Your assignment: Omit all images, then repeat exactly the lines below from the one containing "SLSY Futon Mattress, Japanese" through the one containing "There's still time", both ends included.

[Dataset extract — start]

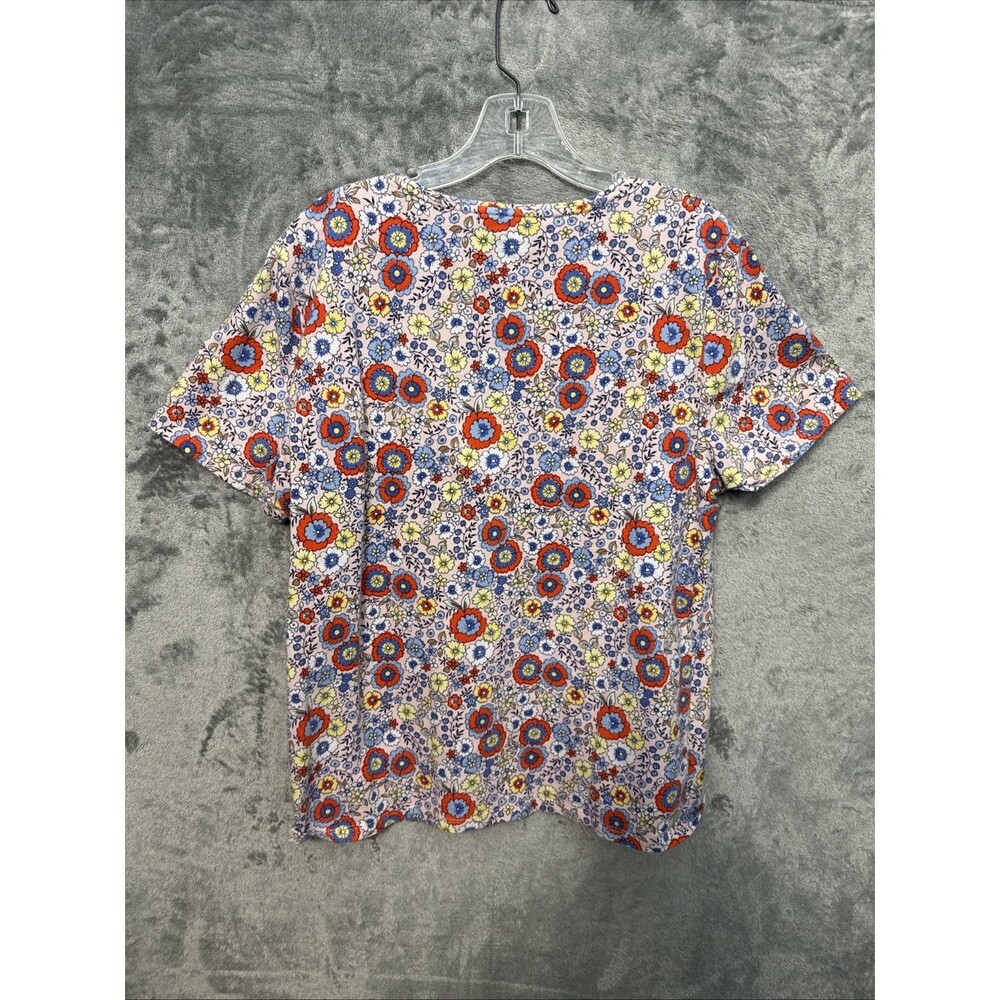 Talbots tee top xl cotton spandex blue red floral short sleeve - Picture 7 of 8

[Dataset extract — finish]
[Dataset extract — start]

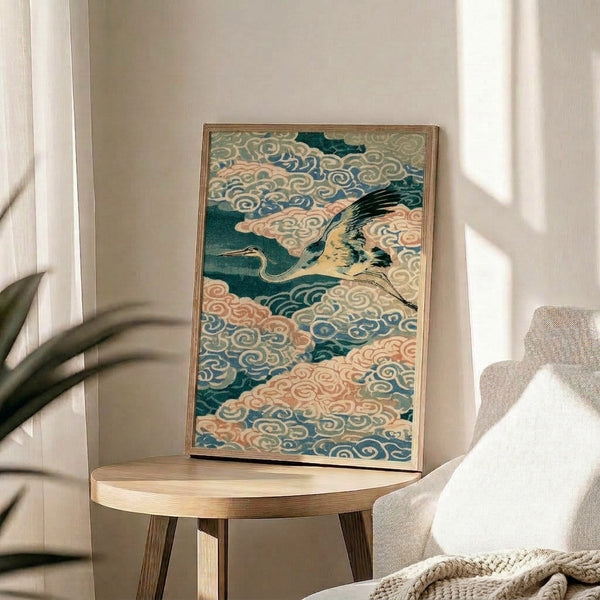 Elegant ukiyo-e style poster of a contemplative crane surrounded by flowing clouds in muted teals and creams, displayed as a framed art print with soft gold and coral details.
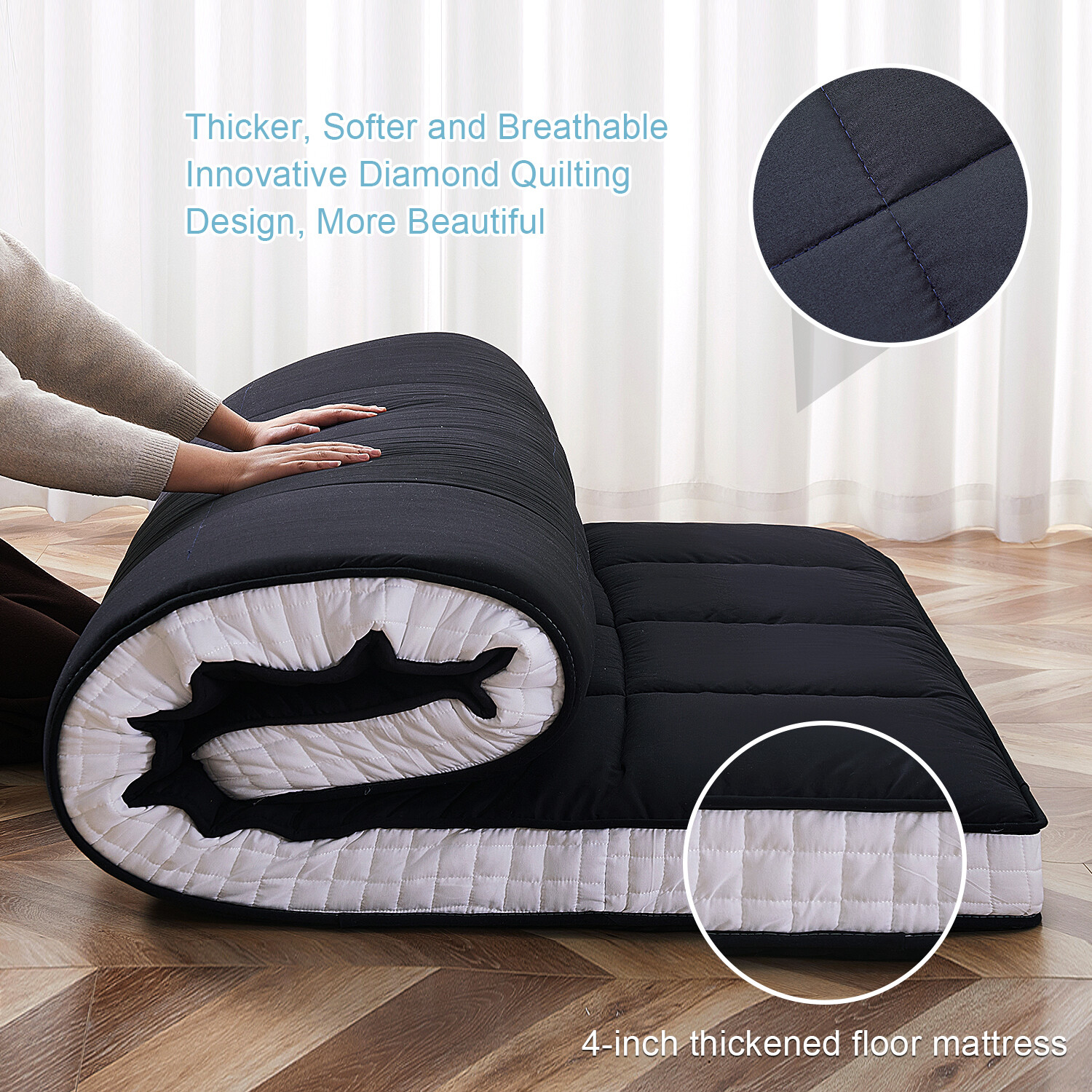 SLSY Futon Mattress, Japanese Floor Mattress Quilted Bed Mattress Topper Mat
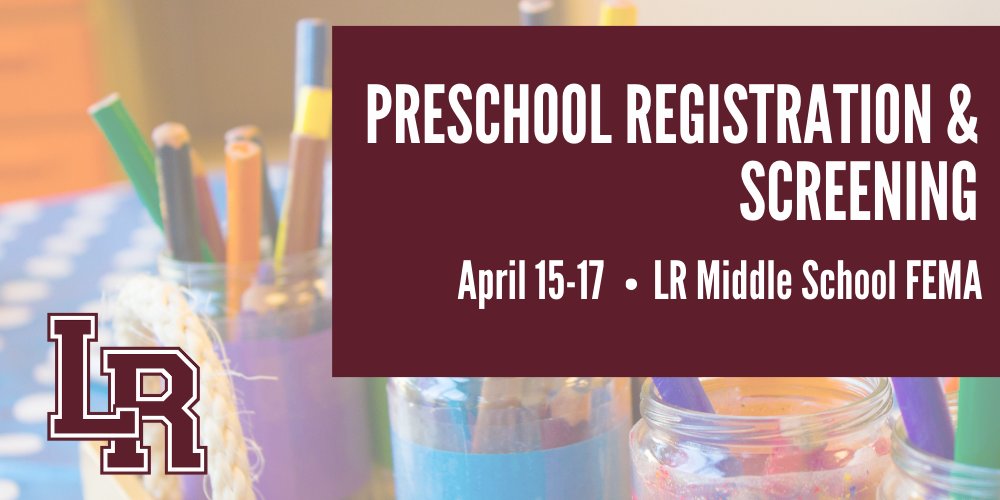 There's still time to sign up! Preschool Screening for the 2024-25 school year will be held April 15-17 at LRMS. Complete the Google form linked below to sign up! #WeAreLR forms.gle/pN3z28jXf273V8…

[Dataset extract — finish]

Answer to the exercise:
 SLSY Futon Mattress, Japanese Floor Mattress Quilted Bed Mattress Topper Mat
 There's still time to sign up! Preschool Screening for the 2024-25 school year will be held April 15-17 at LRMS. Complete the Google form linked below to sign up! #WeAreLR forms.gle/pN3z28jXf273V8…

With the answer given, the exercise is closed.